• [Assignment] The answer should hold only the lines from the one containing "Used 2019 Jeep" through the one containing "asfalto se está" in the entries below, copied exactly, without pictures.
(Dataset excerpts)
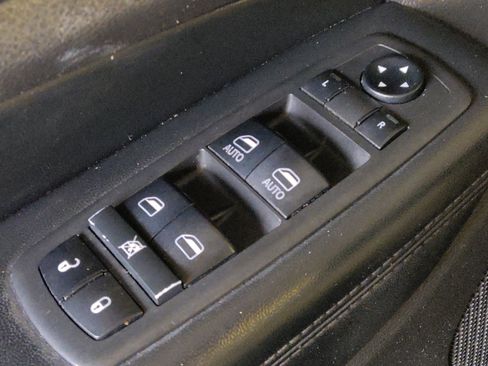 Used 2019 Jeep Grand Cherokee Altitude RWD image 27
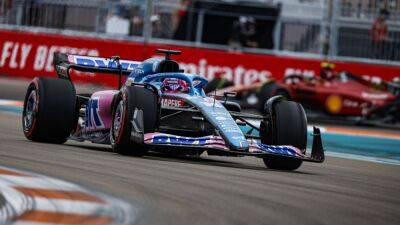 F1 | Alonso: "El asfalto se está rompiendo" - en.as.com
(End Dataset excerpts)
(Dataset excerpts)
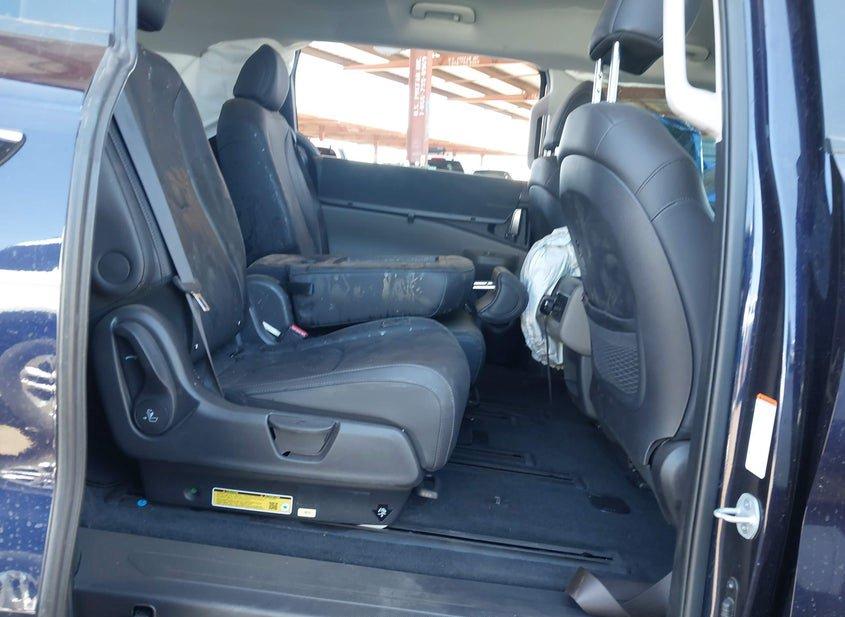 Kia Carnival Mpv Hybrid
(End Dataset excerpts)
(Dataset excerpts)
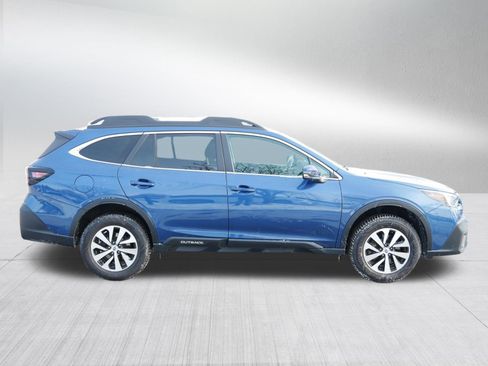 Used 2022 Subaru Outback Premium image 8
(End Dataset excerpts)
• [Result of the task]
 Used 2019 Jeep Grand Cherokee Altitude RWD image 27
 F1 | Alonso: "El asfalto se está rompiendo" - en.as.com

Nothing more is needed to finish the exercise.